Amy Winehouse cut a surprisingly petite figure on stage. Dressed in a tiny pink crop-top, her size-zero frame topped by that extraordinary, gravity-defying beehive hairdo, she delivered a controlled, assured performance, with none of the unhinged excesses that you might have expected from recent press reports. Her razor-sharp tongue was only unleashed once, in response to an over-excited woman at the front who screamed “I want your babies!”
“You want my babies?” she retorted, coolly arching an eyebrow. “Who let Madonna in?”
Backed by an eight-piece band, immaculate in sharp black suits and skinny ties, Amy’s show was equal parts supper-club cabaret and Stax soul revue.
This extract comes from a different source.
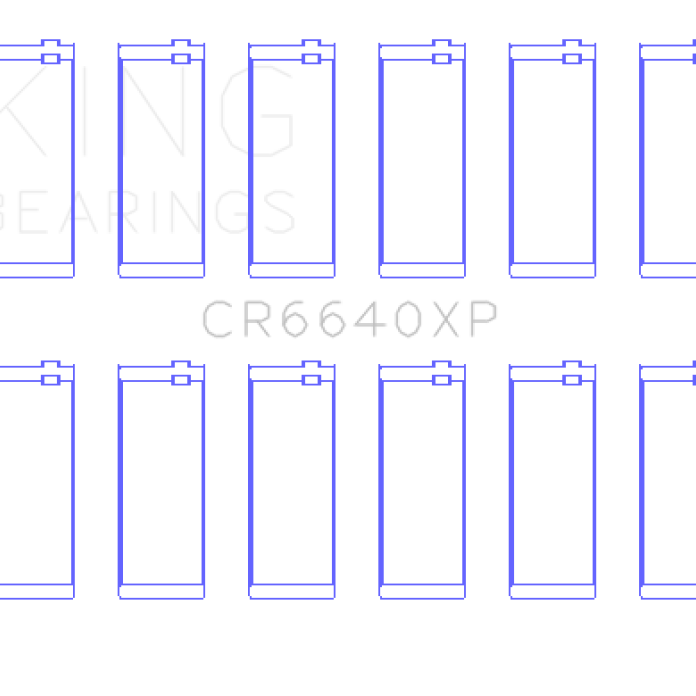 King Engine Bearings GCR6640XP - KINGCR6640XP - King Engine Bearings BMW M20/M50 2.0L/2.5L/2.7L Performance Rod Bearing Set - Size STD - Shipped in Europe - Tuningsupply.com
As such, it seamlessly combined the jazzier material from her debut album and the sharper girl-group stylings from the chart-topping Back To Black, beefing up the former and smoothing the edges off the latter. The vocal performance was sublime: languid and flirty, smooth and dirty, and perfectly pitched for the material.
The set climaxed with Back To Black’s opening three numbers, played in reverse order: Me And Mr Jones, a truly stunning You Know I’m No Good, and the inevitable Rehab. For the encore, the 2-Tone revivalist knees-up of Monkey Man (Toots & The Maytals/The Specials) was followed by a splendidly sassy reworking of The Zutons’ Valerie.
Rock City was lucky indeed to catch this rising star in such an appropriately intimate setting.